## WORK TO COMPLETE
Repeat every entry exactly. Pictures stay out.
_____
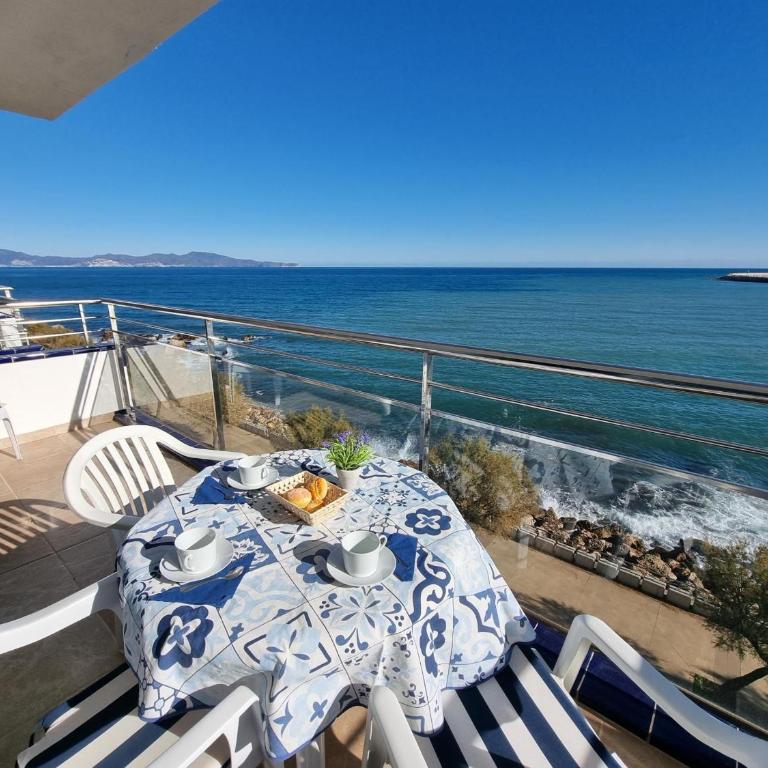 Apartamento en L'Escala con terraza y piscina, cerca de la playa - HISP-236-97 - Apartment - 2
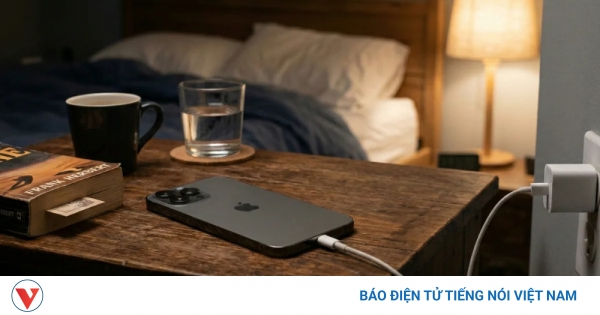 Apple cảnh báo thói quen sạc pin iPhone qua đêm nhiều người đang gặp phải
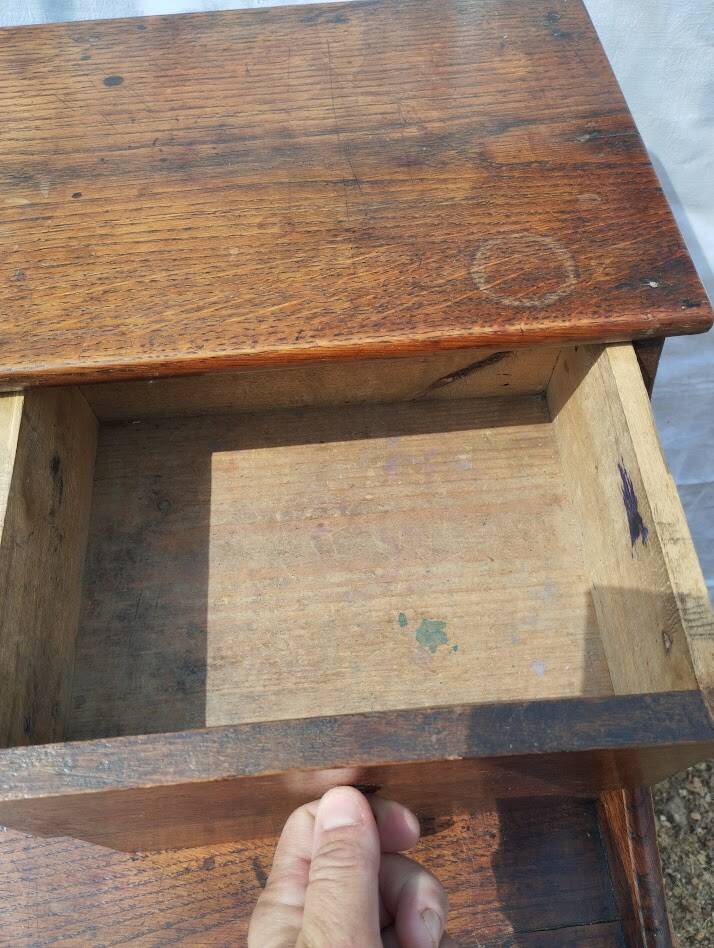 Victorian oak graduated desk – circa 1890-1910.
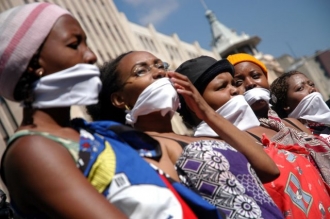 JAR: Ženy protestují proti prezidentovi Zumovi, jenž znásilnil známou.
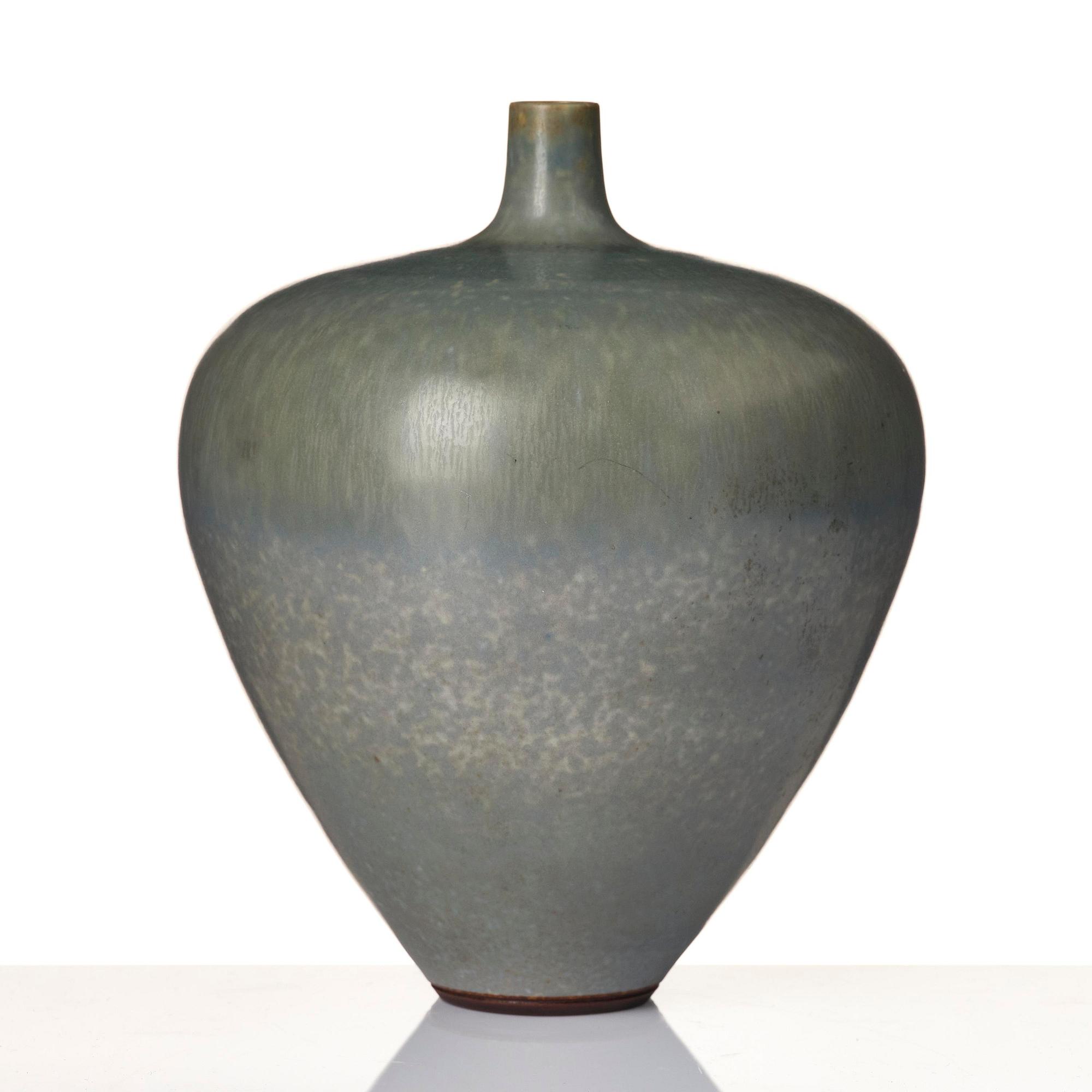 Berndt Friberg, a stoneware vase, Gustavsbergs studio, 1964.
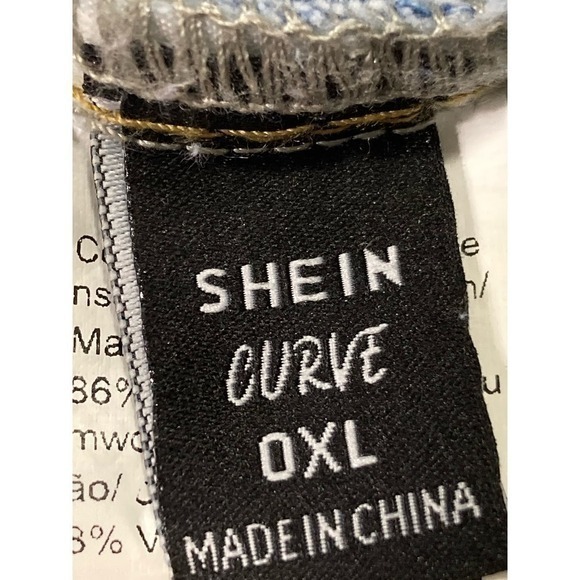 Shein Curve Pants Distressed Denim‎ Blue Ripped Knees Flower Butterfly Pockets - Picture 4 of 9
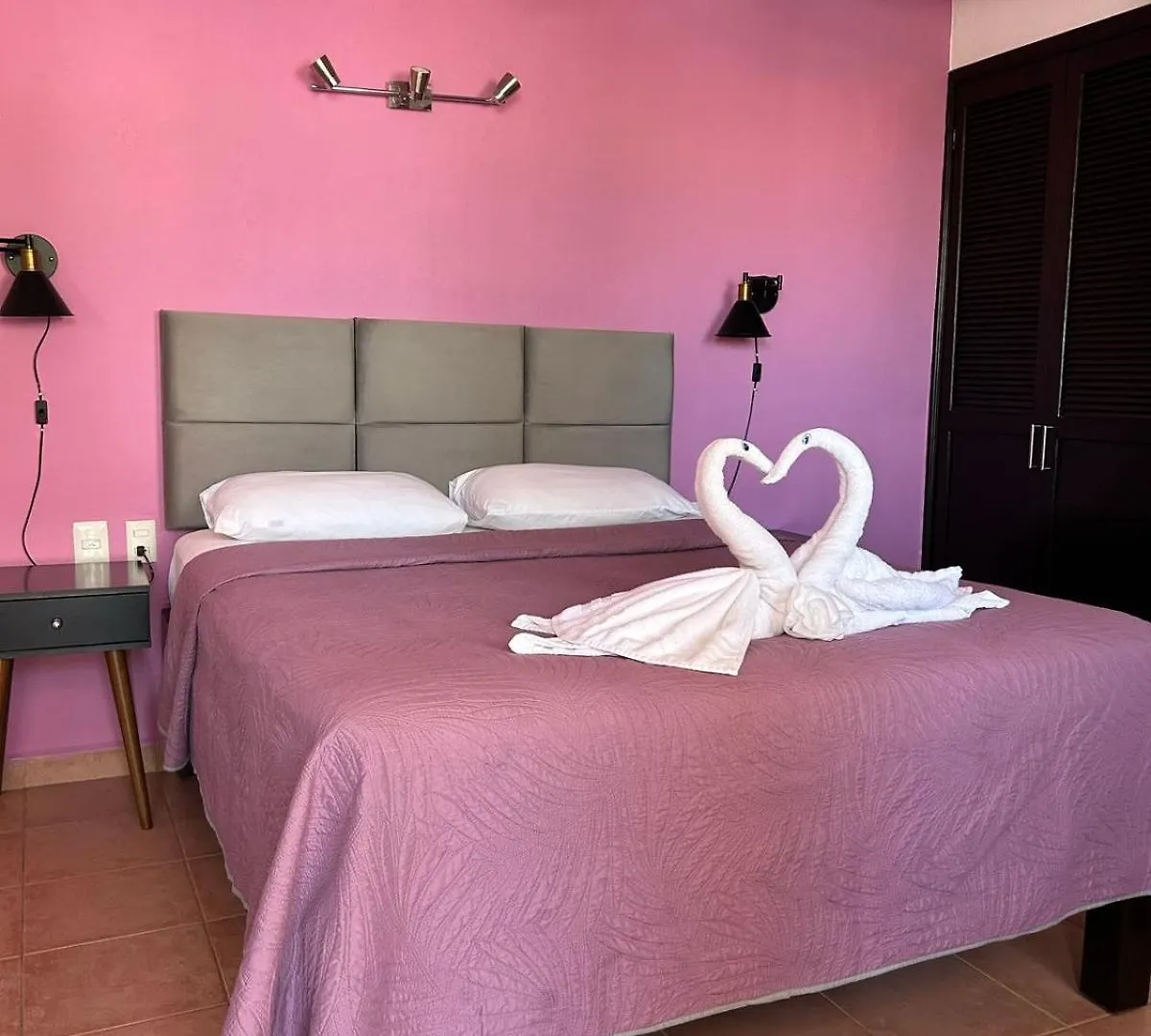 Hotel Marcianito Isla Mujeres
_____
## EXERCISE OUTPUT
 Apartamento en L'Escala con terraza y piscina, cerca de la playa - HISP-236-97 - Apartment - 2
 Apple cảnh báo thói quen sạc pin iPhone qua đêm nhiều người đang gặp phải
 Victorian oak graduated desk – circa 1890-1910.
 JAR: Ženy protestují proti prezidentovi Zumovi, jenž znásilnil známou.
 Berndt Friberg, a stoneware vase, Gustavsbergs studio, 1964.
 Shein Curve Pants Distressed Denim‎ Blue Ripped Knees Flower Butterfly Pockets - Picture 4 of 9
 Hotel Marcianito Isla Mujeres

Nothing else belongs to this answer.